**EXERCISE PROMPT:** Because the images are not wanted, restate every line below word for word without them.
------ SOURCE RECORDS
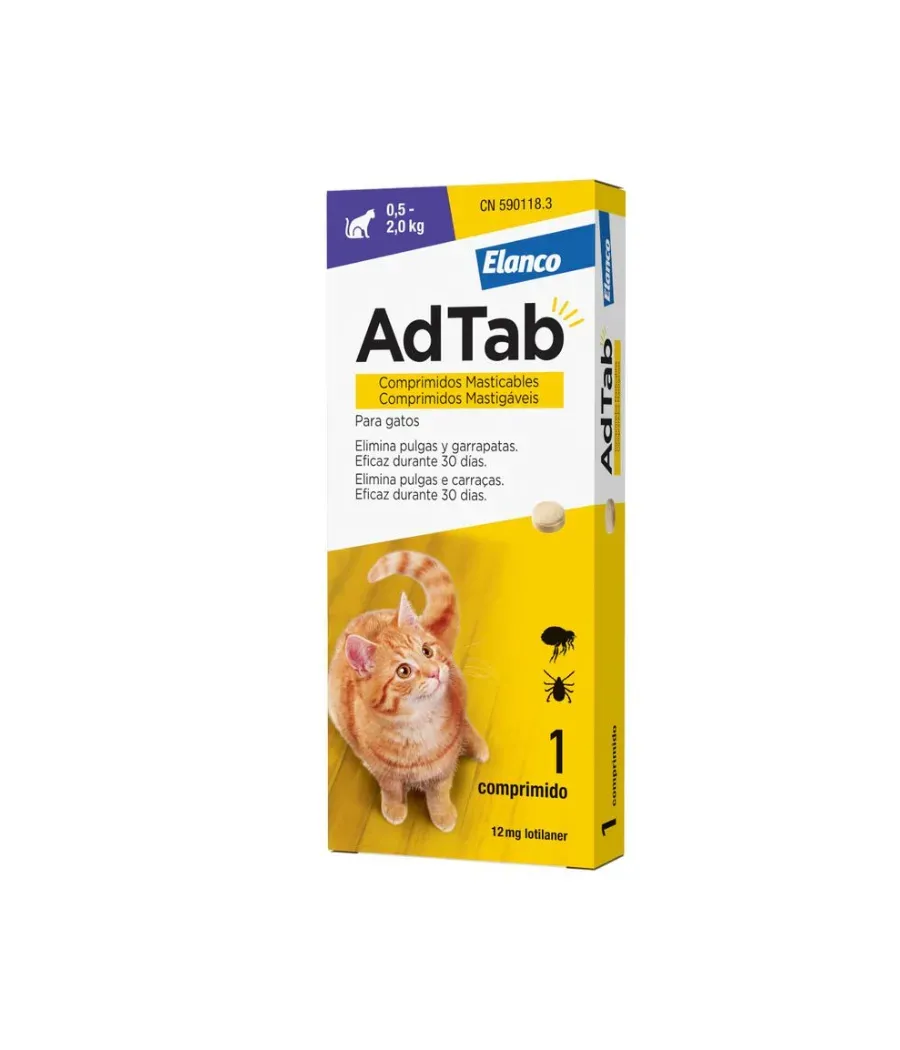 ADTAB 12 MG GATOS 0.5-2 KG 1 COMPRIMIDO MASTICABLE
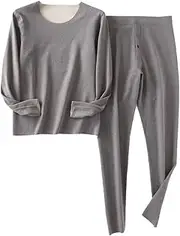 [RAFYZY] 2-Piece Long Johns Thermal Set for Men Autumn/Winter Flawless Fleece Lined Base Underwear Set XL-4XL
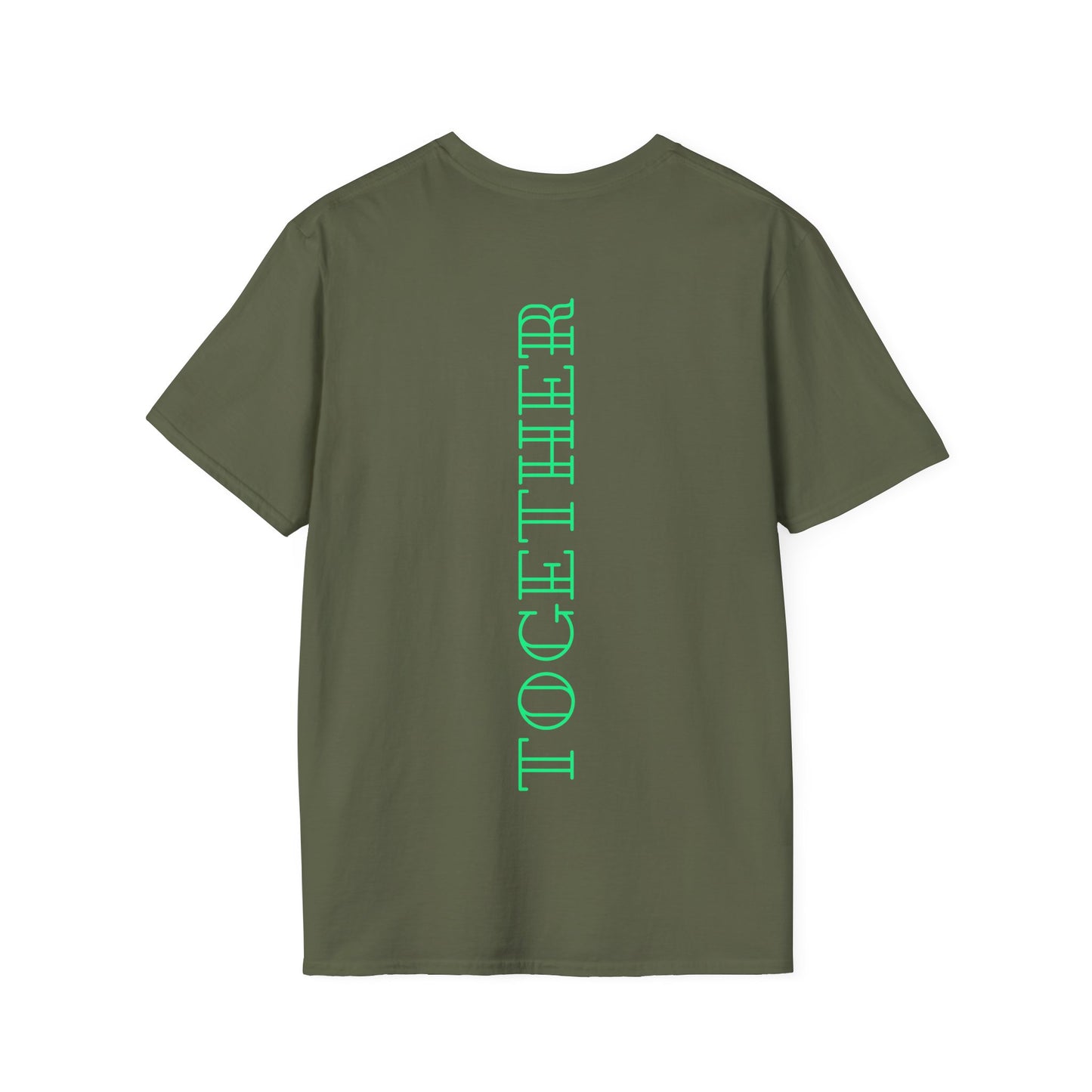 Together Neon Grün Backprint Baumwoll T-Shirt Softstyle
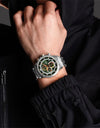 Watch for Men Stainless Steel Strap Chronograph Clock Male Sport Casual Waterproof Quartz Wristwatch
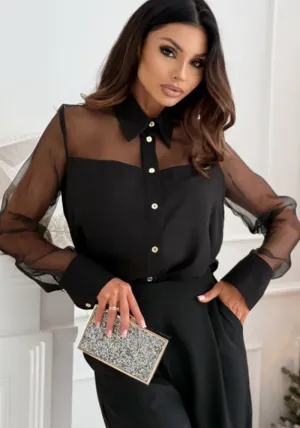 Sophisticated Mesh Patchwork Long-Sleeve Shirt with Turndown Collar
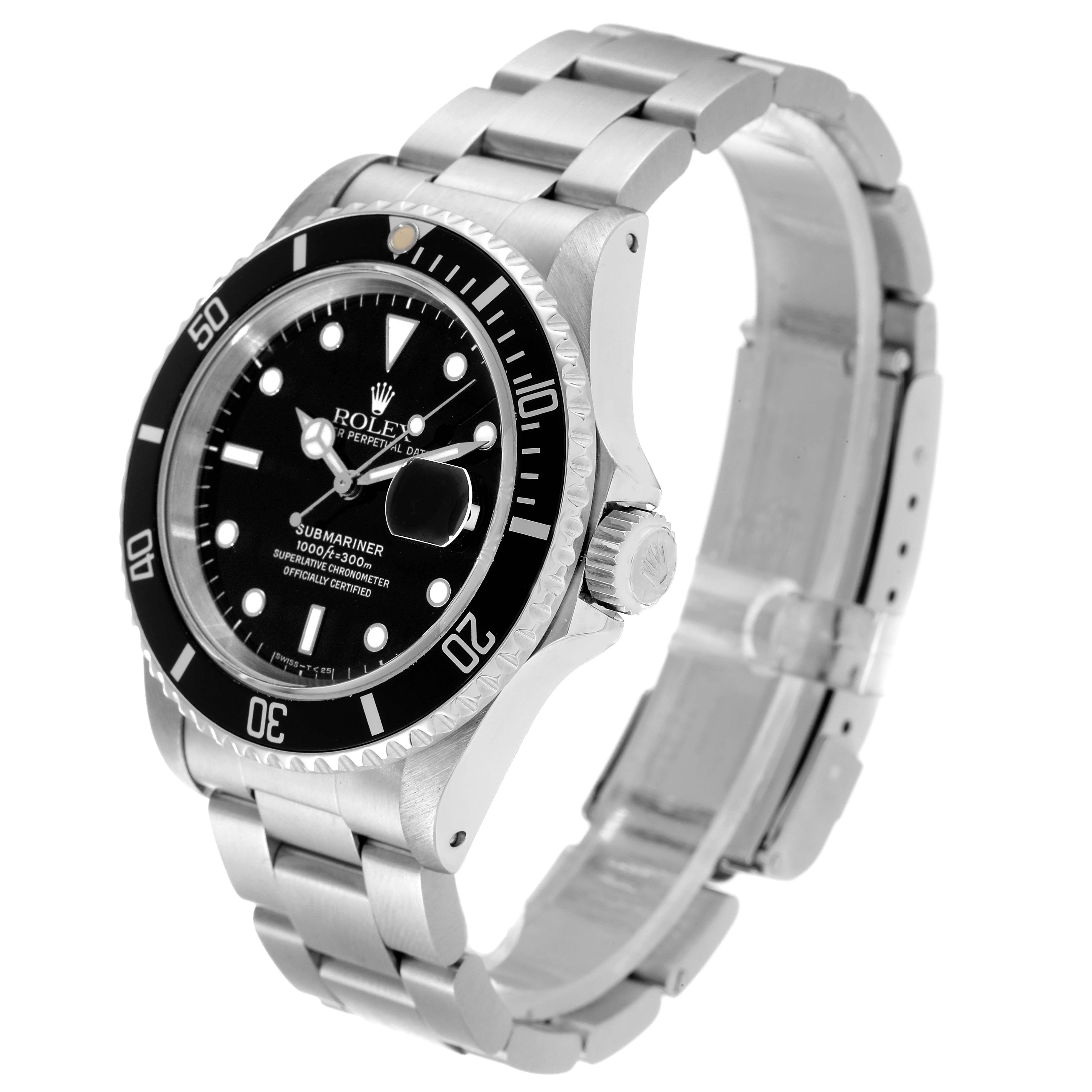 The image shows a side angle of a Rolex Submariner 16610 Men
s Stainless Steel Black Dial 16610 Men
s Stainless Steel Black Dial watch highlighting the face, bezel, crown, and bracelet.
------------
**FINAL ANSWER:**
 ADTAB 12 MG GATOS 0.5-2 KG 1 COMPRIMIDO MASTICABLE
 [RAFYZY] 2-Piece Long Johns Thermal Set for Men Autumn/Winter Flawless Fleece Lined Base Underwear Set XL-4XL
 Together Neon Grün Backprint Baumwoll T-Shirt Softstyle
 Watch for Men Stainless Steel Strap Chronograph Clock Male Sport Casual Waterproof Quartz Wristwatch
 Sophisticated Mesh Patchwork Long-Sleeve Shirt with Turndown Collar
 The image shows a side angle of a Rolex Submariner 16610 Men
s Stainless Steel Black Dial 16610 Men
s Stainless Steel Black Dial watch highlighting the face, bezel, crown, and bracelet.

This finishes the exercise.